Para malaikat kemudian memberikan instruksi yang jelas kepada Nabi Luth. "Maka pergilah kamu di akhir malam beserta keluargamu... dan janganlah ada seorang pun di antara kamu yang menoleh ke belakang, kecuali istrimu. Sesungguhnya dia akan ditimpa azab yang menimpa mereka. Sesungguhnya saat jatuhnya azab kepada mereka ialah di waktu subuh; bukankah subuh itu sudah dekat?" (QS. Hud: 81).

Perintah untuk tidak menoleh ke belakang adalah sebuah simbol. Simbol untuk memutuskan segala ikatan, baik ikatan emosional, kekerabatan, maupun kenangan dengan negeri yang penuh dosa itu. Menoleh ke belakang berarti ada keraguan, simpati, atau keterikatan hati yang tersisa, yang dapat menghalangi proses penyelamatan.
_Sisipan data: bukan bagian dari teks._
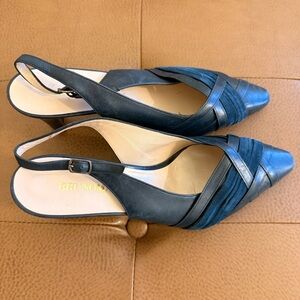 Bruno Magli Black Leather Slingback Heels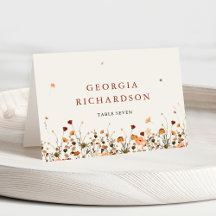 Herfst Wildflower Garden Boho bruiloft Place Card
Istrinya, karena hatinya masih terpaut pada kaumnya yang durhaka, ditakdirkan untuk menoleh dan binasa bersama mereka.

Di keheningan akhir malam, Nabi Luth beserta kedua putrinya berjalan cepat meninggalkan kota Sodom. Mereka berjalan dalam diam, dengan hati yang berdebar, menaati perintah untuk tidak sekali pun melihat ke belakang. Di belakang mereka, tertinggal sebuah peradaban yang sedang menghitung detik-detik terakhir menuju kebinasaannya. Istri Nabi Luth berjalan di belakang rombongan. Ketika suara gemuruh azab mulai terdengar, ia tidak kuasa menahan diri. Ia menoleh ke belakang, dan seketika itu pula ia menjadi bagian dari azab yang turun.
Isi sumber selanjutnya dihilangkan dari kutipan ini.